The reaction,
cyclopropane propene (isomerization),
was observed to have rate constants k = 0.000213 s-1 at 477 °C and k = 0.0328 s-1 at 577 °C. What is the value of Ea expressed in kJ mol-1? Round your answer to 3 significant figures.
Plug your numbers into the Arrhenius equation and solve for Ea.
i don't get the right answer. Plus arent we missing A?
I use ln(k2/k1) = (Ea/R)(1/T1 - 1/T2)
Don't forget that Ea is in Joules, R = 8.314 and T must be in Kelvin.
Please for the love of god explain how i do the last bit of this equation on the calculator
To determine the value of Ea (activation energy) expressed in kJ mol-1, we can use the Arrhenius equation. The Arrhenius equation relates the rate constant (k) of a chemical reaction to the temperature (T) and the activation energy (Ea) of the reaction:
k = A * e^(-Ea/RT)
Where:
- k is the rate constant of the reaction.
- A is the pre-exponential factor, which represents the frequency of successful collisions between reactant molecules.
- Ea is the activation energy.
- R is the gas constant (8.314 J/mol∙K).
- T is the absolute temperature in Kelvin.
Given that the reaction rate constants are k = 0.000213 s-1 at 477 °C (750 K) and k = 0.0328 s-1 at 577 °C (850 K), we can set up two equations using the Arrhenius equation:
For the first temperature:
0.000213 s-1 = A * e^(-Ea/(8.314 J/mol∙K * 750 K))
For the second temperature:
0.0328 s-1 = A * e^(-Ea/(8.314 J/mol∙K * 850 K))
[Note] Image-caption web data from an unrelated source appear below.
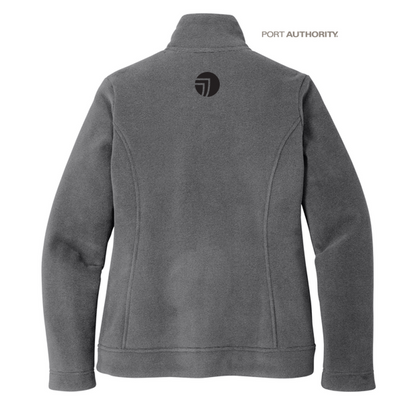 NEW SEI Ladies Ultra Warm Brushed Fleece Jacket-Gusty Grey/ Sterling Grey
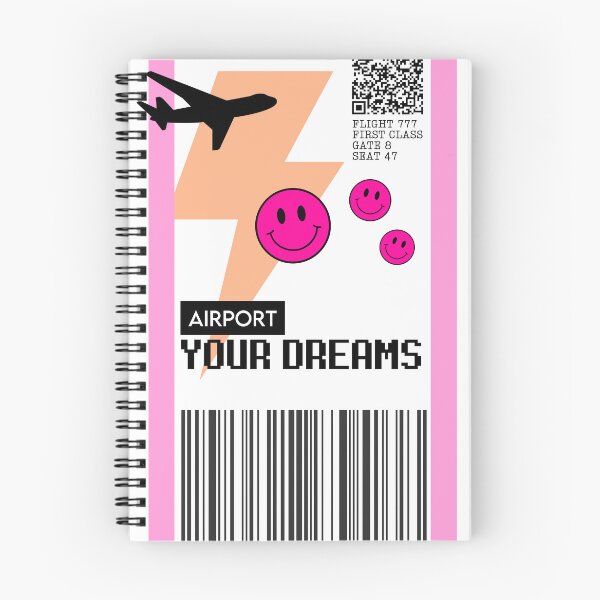 Item preview, A ticket to your dreams preppy pink designed and sold by SUUSCK ★.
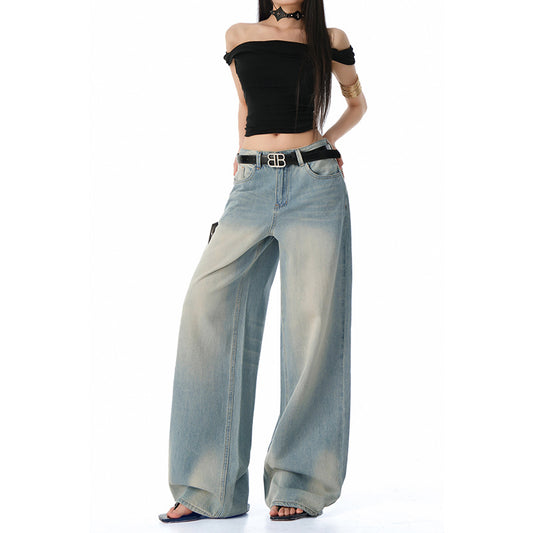 Loose Straight Floor-Length Denim Pants For Women | MuddyStock Originals MuddyStock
To determine the activation energy (Ea), we can take the ratio of the two equations:
(0.0328 s-1)/(0.000213 s-1) = e^(-Ea/(8.314 J/mol∙K * 850 K)) / e^(-Ea/(8.314 J/mol∙K * 750 K))
Simplifying:
(0.0328 s-1)/(0.000213 s-1) = e^(-Ea/(8.314 J/mol∙K)) * (e^(750 K/(8.314 J/mol∙K)) / e^(850 K/(8.314 J/mol∙K)))
Taking the natural logarithm (ln) of both sides to remove the exponential term:
ln((0.0328 s-1)/(0.000213 s-1)) = -Ea/(8.314 J/mol∙K) + (750 K - 850 K)/(8.314 J/mol∙K)
Simplifying further:
ln((0.0328 s-1)/(0.000213 s-1)) = -Ea/(8.314 J/mol∙K) - 120 K/(8.314 J/mol∙K)
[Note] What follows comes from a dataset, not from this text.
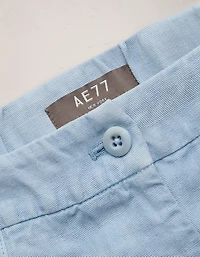 AE77 Linen-Blend Maxi Skirt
Now, we can rearrange the equation to solve for Ea:
Ea = -8.314 J/mol∙K * (ln((0.0328 s-1)/(0.000213 s-1)) + 120 K)
Finally, we can convert the activation energy from J/mol to kJ/mol by dividing by 1000:
Ea = (-8.314 J/mol∙K * (ln((0.0328 s-1)/(0.000213 s-1)) + 120 K)) / 1000
Evaluating this equation using the given data will give you the value of Ea expressed in kJ mol-1, rounded to 3 significant figures.